- The Washington Times - Tuesday, February 11, 2003

Mutual fund investors long have been advised to strive for diversification in their portfolios, but that goal may seem difficult for a brand-new investor or one who has just a few thousand dollars to invest.
No matter how experienced you are, or how big your investment, you still can put together a diversified portfolio with a variety of funds such as large-, mid- and small-capitalization, as well as domestic and international and stock and bond funds.
Smaller investors seeking diversification may want to start with so-called life-cycle mutual funds, said Eric Tyson, author of “Mutual Funds for Dummies.”
These funds are labeled by date, so investors select them based on when they plan to retire. A 20-something investor, for example, would buy a 2040 fund, which right now would comprise mostly stocks but would decrease its equity position and increase its bond holdings as retirement nears.
Along the same lines, there are also life-stage funds, although these don’t automatically change their holdings over the years. It is up to investors to move to other funds as they get older.
Many fund families, including Vanguard Group and Fidelity Investments, offer life-cycle and life-stage funds.
Mr. Tyson also recommends smaller investors look at balanced funds, which hold both equities and bonds.
Employer-sponsored 401(k) plans also present opportunities for diversification but investors need to guard against holding too much of their company’s own stock. The collapse of Enron Corp. drove that lesson home: When Enron filed for bankruptcy protection in December 2001, its workers lost about $1 billion in retirement savings that were largely invested in company stock.
Investment pros generally say investors should devote no more than 15 percent of their portfolios to any particular stock, or even a particular asset class such as large-cap growth funds or small-cap value funds.
Many investors have too much invested in large-cap mutual funds, which own shares of the largest companies, such as Microsoft Corp. and General Electric Co, said Paul Merriman, president of Merriman Asset Management in Seattle and publisher of Fund-Advice.com.
Large-caps were preferred because this sector helped fuel the late 1990s bull market. But that ride was an anomaly, Mr. Merriman said, as large-cap stocks for the most part have underperformed their small-cap counterparts in the long term. The reason is that there is less risk to investing in bigger companies, and thus the reward is smaller.
“We should not expect to get higher returns in lower-risk investments,” he said.
Mr.

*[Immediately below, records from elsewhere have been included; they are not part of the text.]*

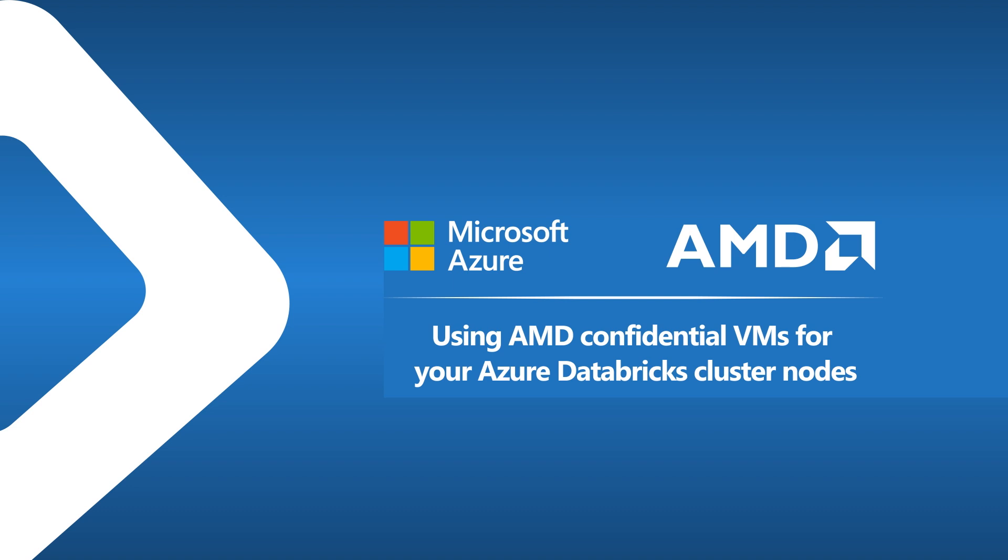Hello everyone, my name is Syrah Sharif and I'm a Principal Program Manager in Azure Data at Microsoft. In this video, we will present how to use AMD-based confidential VMs for your Azure Databricks cluster nodes.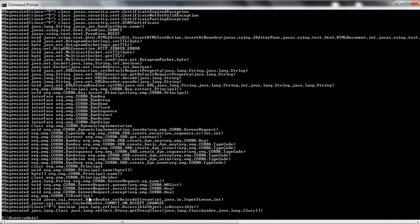Now let us consider analyzing a particular JAR. You need to be aware that the JDEPRSCAN tool will only analyze deprecated APIs defined by Java SE — deprecated APIs defined by third-party libraries are not reported here. I have already downloaded a JAR as an example, available on my desktop: commons-math3-3.6.1.jar. Let us find what deprecated elements are available in this particular JAR.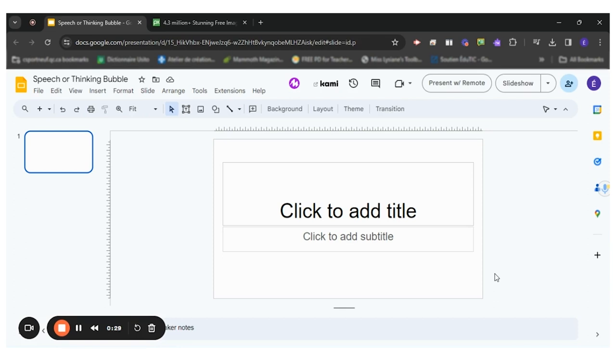Let me show you how I would do it. So first of all, I would open one empty Google Slide.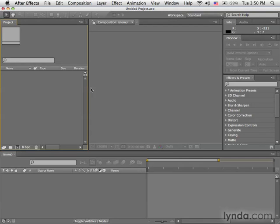Also remember that After Effects is linking to your project files. So you might want to get them in a good, safe location, a location that probably won't change, before you import them into your After Effects Projects. Now that we know what projects are, let's get into importing footage in the next movie.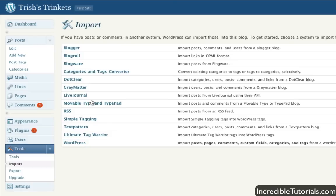You have WordPress, you have RSS, you have Blogger, and so on. So, if you are looking to move older content to your new WordPress website, you would go through the steps here, and that's how you would do that.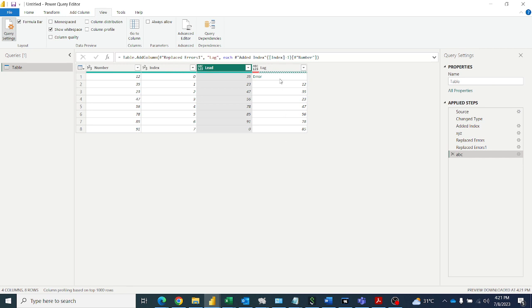So here we got the lag values, one step below. But there is no value above 12, that's why we got errors. But in SQL we have a default value we can mention in the function, but here we have to replace the error with whatever value you want. You can replace that value with error.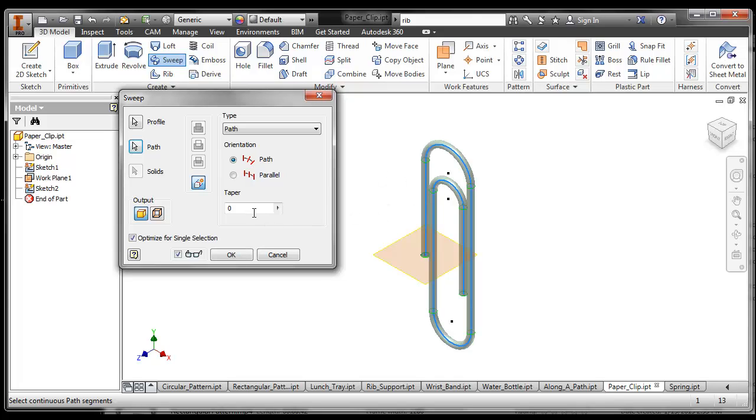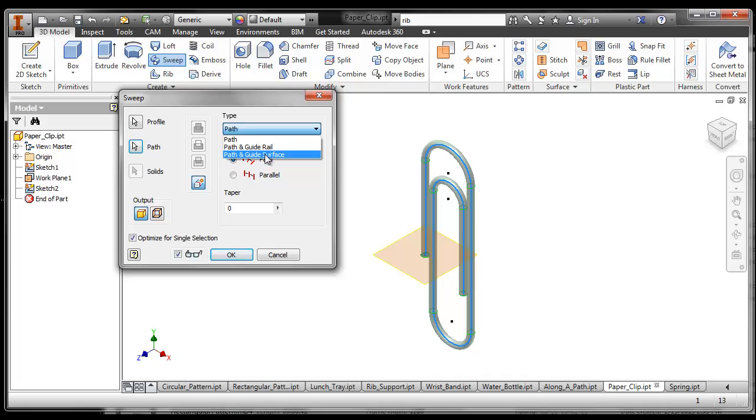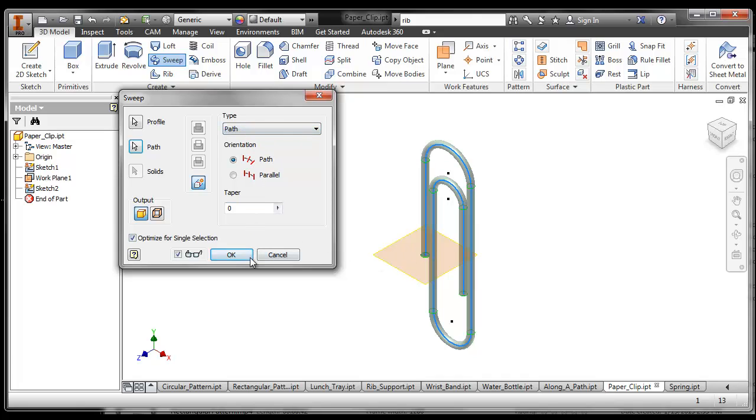I can change, I can make it taper one way or another. I can change the path. Generally I don't mess with the rails or the guide surfaces unless it doesn't work. In this case it works just fine.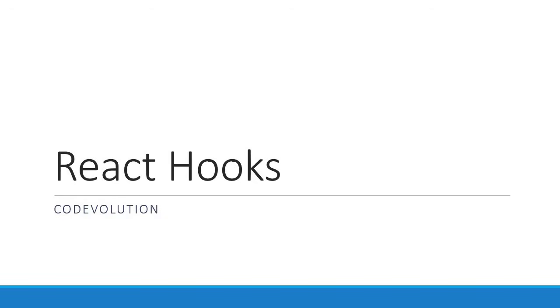Hey guys, my name is Vishwas and welcome to a brand new series on React Hooks. In this introductory video we will talk about the what and why of React Hooks, and in the rest of the series we will dive deeper into the world of React Hooks.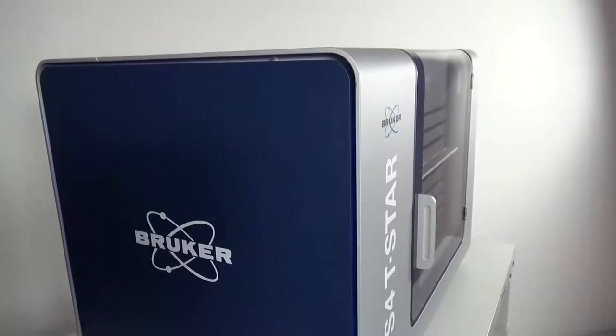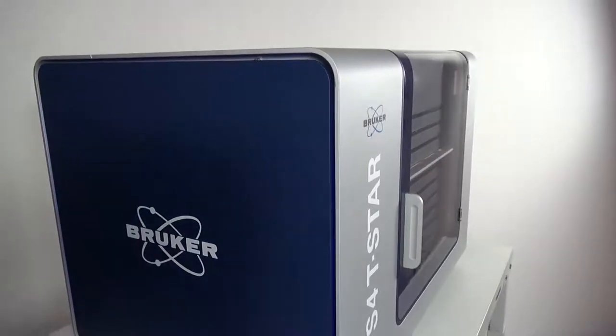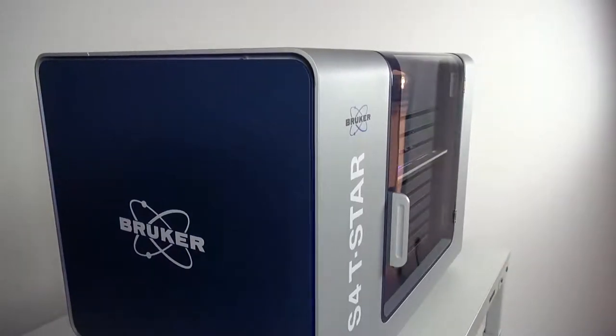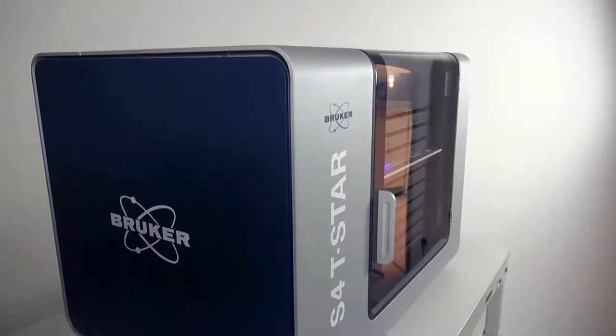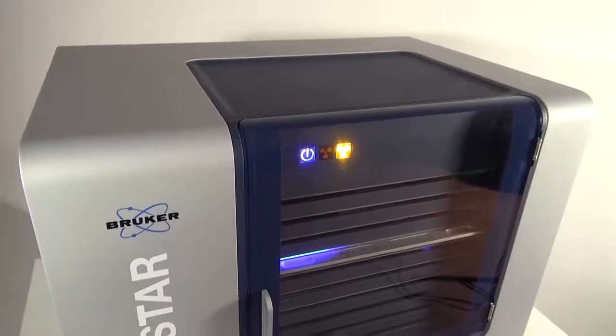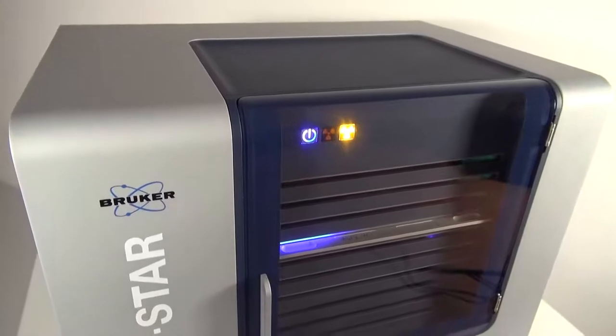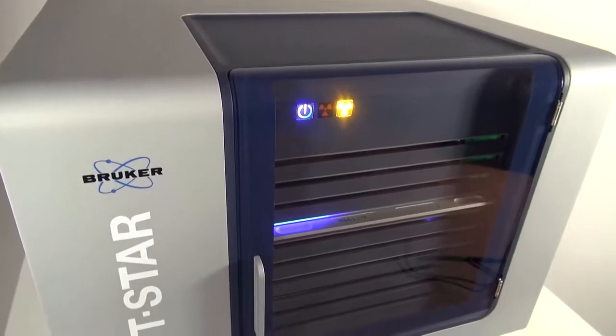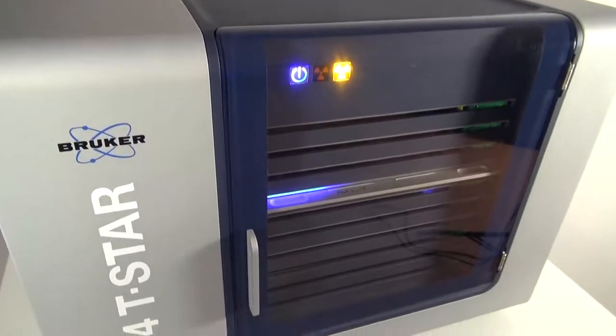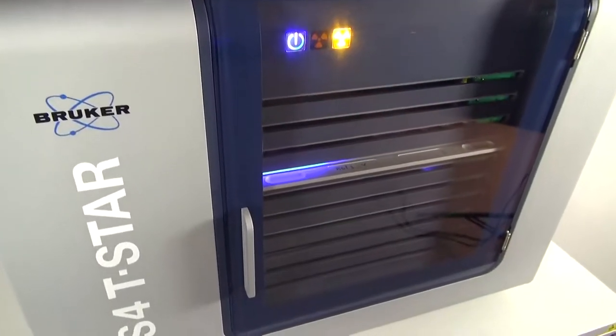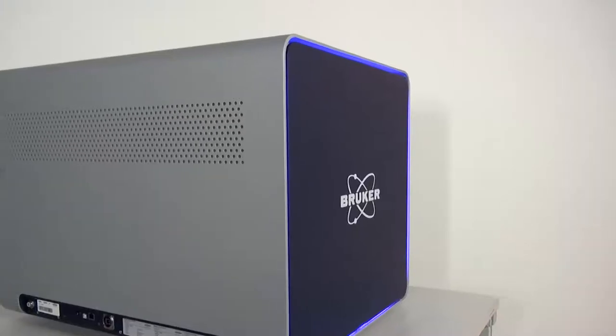The S4 TSTAR is a unique total reflection X-ray fluorescent spectrometer. It is developed for ultra-trace element analysis in a broad range of application fields.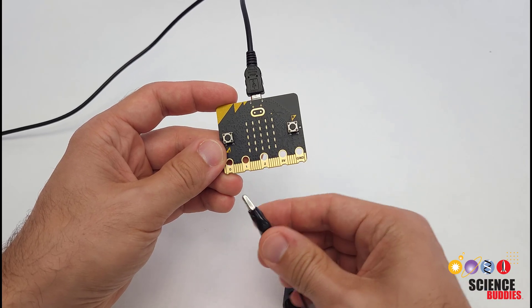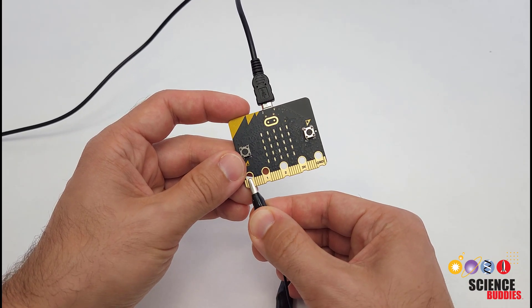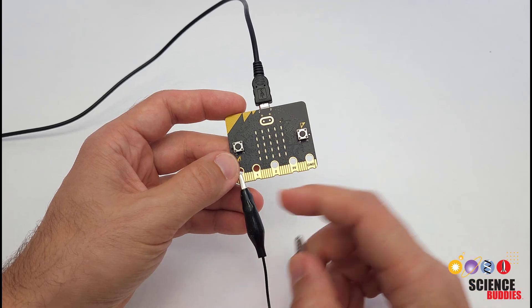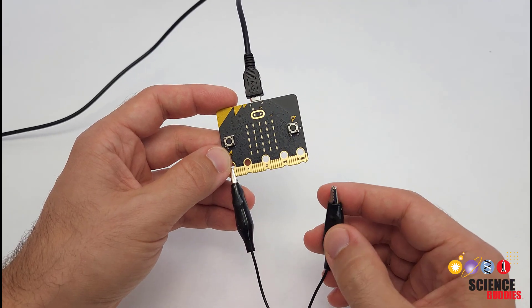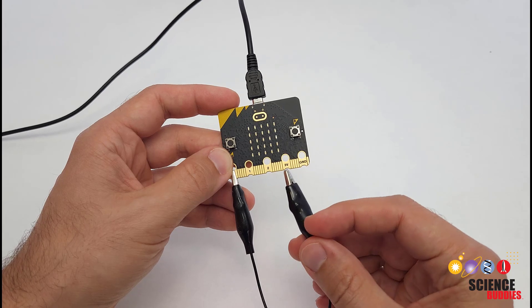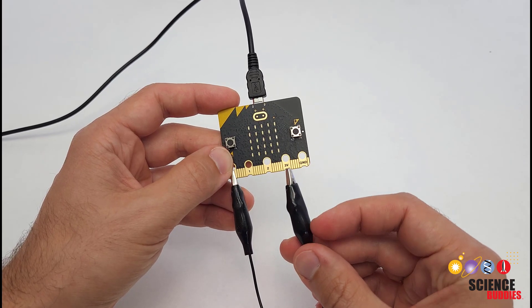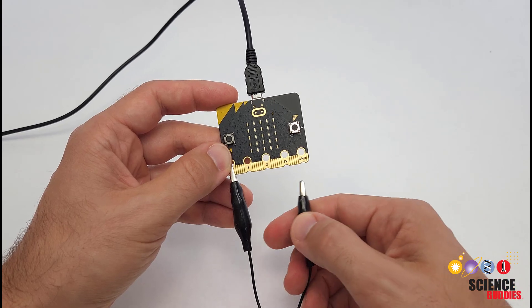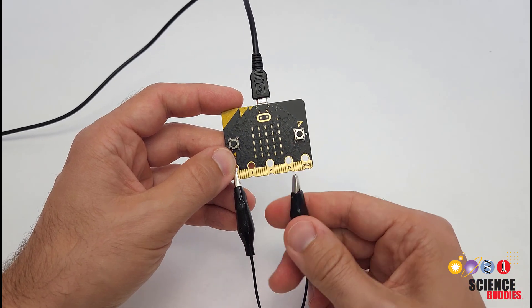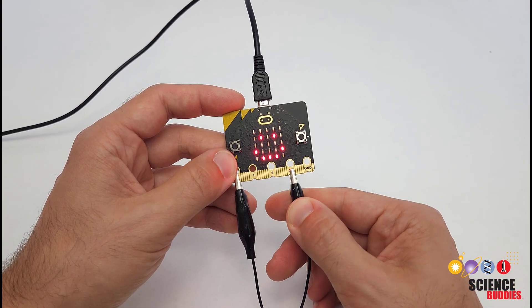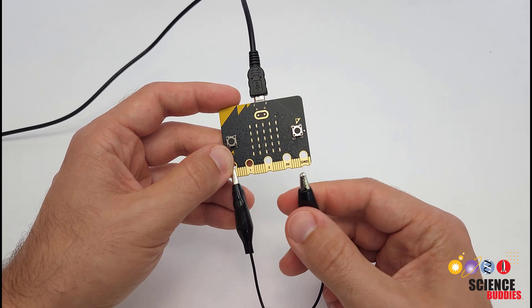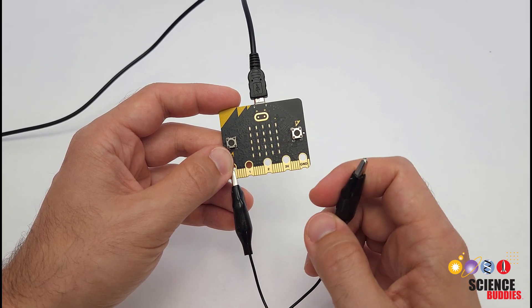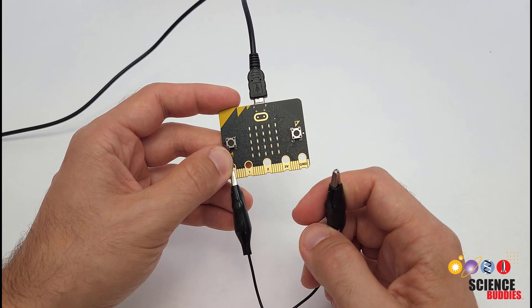So for example I'm going to take my alligator clip here, connect one end to pin zero and nothing happens when I do that, but when I take the other end and connect it to the three volt pin here I will have a closed circuit that is detected by the micro:bit and it is going to light up and play sound. When I remove the alligator clip the program makes the lights turn off and the sound stops.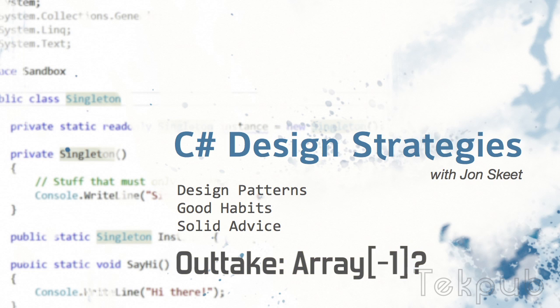Welcome back to another outtake of C-Sharp Design Strategies with Johnsky here at Tech Pub. While recording this single responsibility principle episode, I made the mistake of asking John a simple question, or what I thought was a simple question, and it derailed us.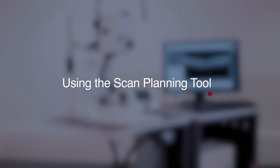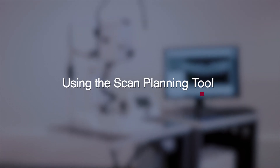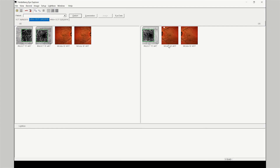Using the scan planning tool. The scan planning tool allows the clinician to define a region of interest using a historical fluorescein, ICG, autofluorescence, or multicolor image, and correlate OCTA data with other imaging modalities.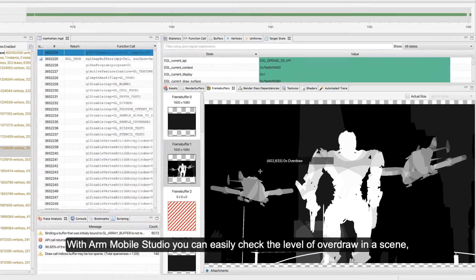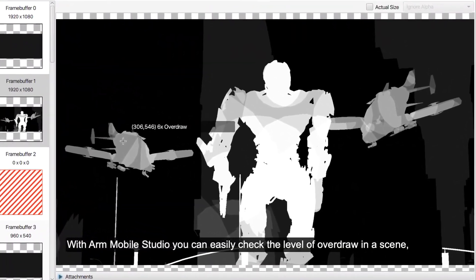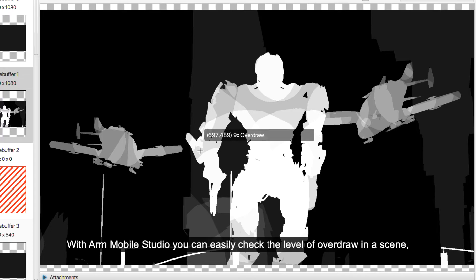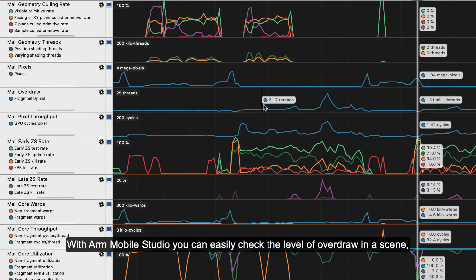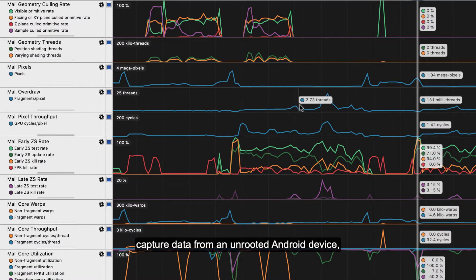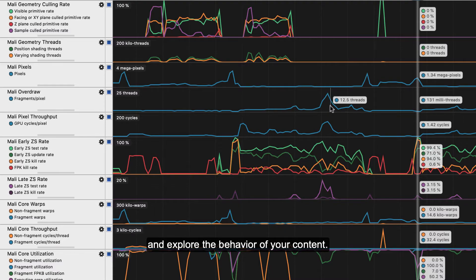With our Mobile Studio, you can easily check the level of overdraw in a scene. Capture data from an unrooted Android device and explore the behavior of your content.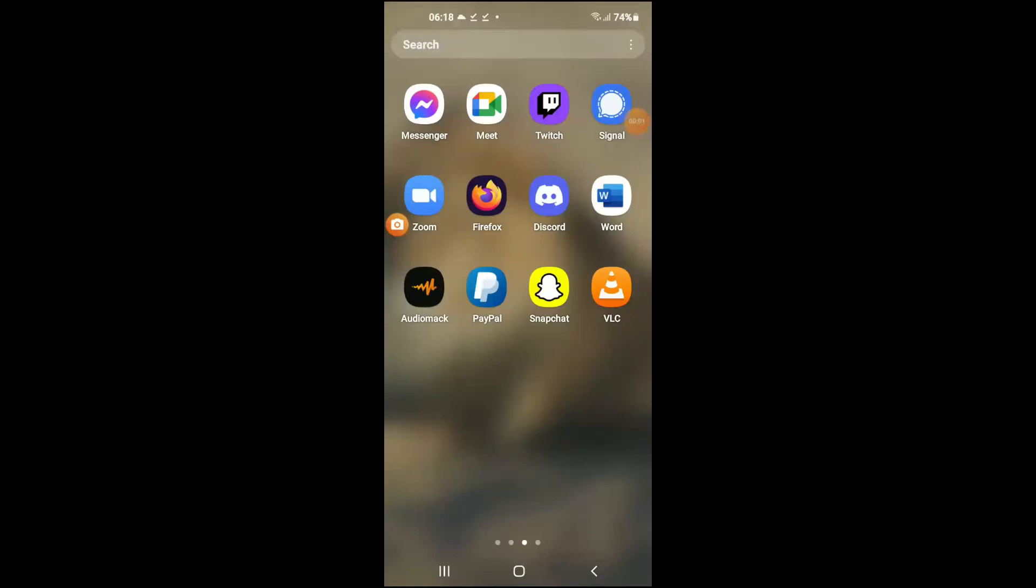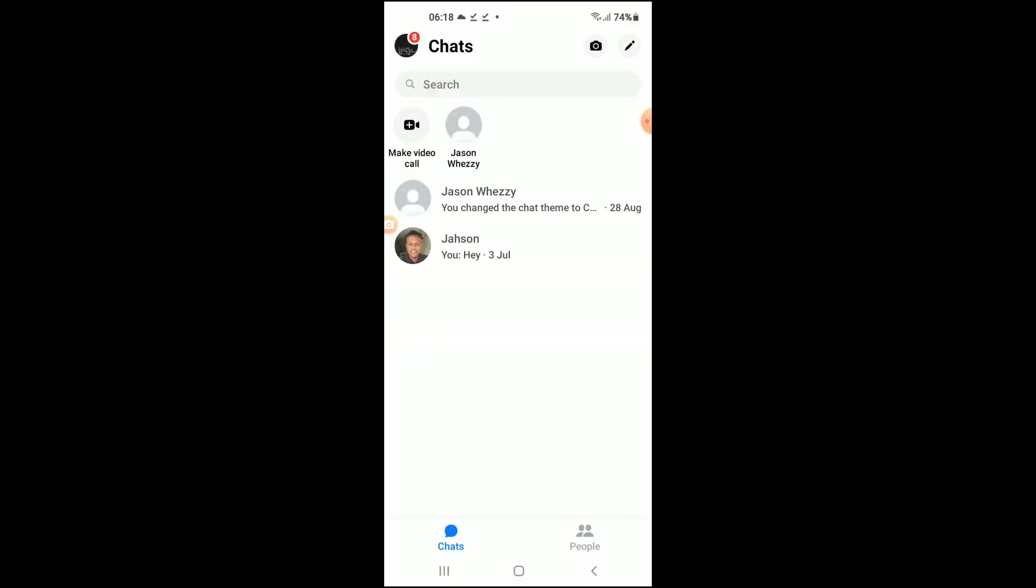Hello, welcome to Simple Answers. I'm your host Jason. In this video I'll be showing you how to send gif message on Messenger. First, let's go into the app. Once in the app, you'll simply select the chat that you like to send gif message to.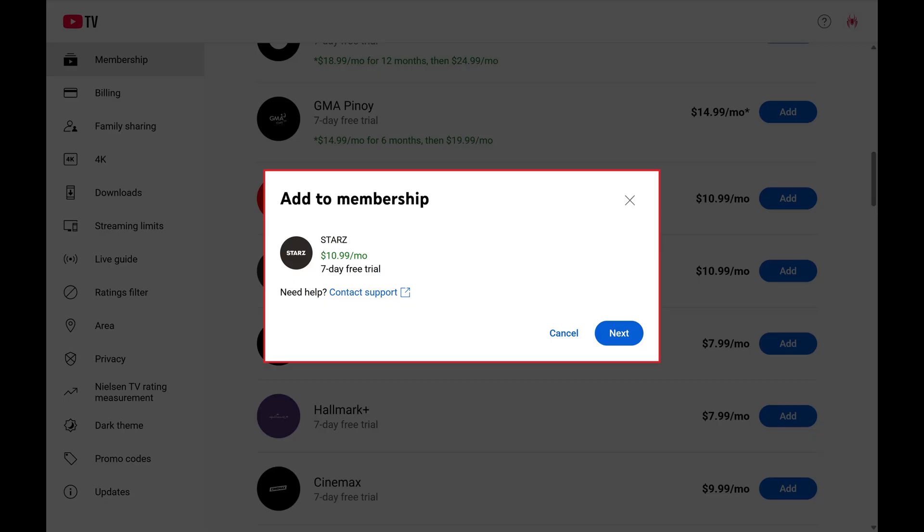An Add to Membership window pops up, letting you know what the cost to add this channel will be. Step 5: Click Next.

Merriman recommends a systematic approach to diversification in which investors choose different asset classes over the course of nine years. The plan works best for investors with individual retirement accounts, because, unlike 401(k) investors limited to the options chosen by their employers, they can pick any funds they want.
The nine classes to which Mr. Merriman advises investors commit over the years in order of when they should start are: U.S. small-cap value, international small-cap value, U.S. large-cap value, international large-cap value, emerging markets, U.S. small-cap blend, international small-cap, international large-cap, and U.S. large-cap.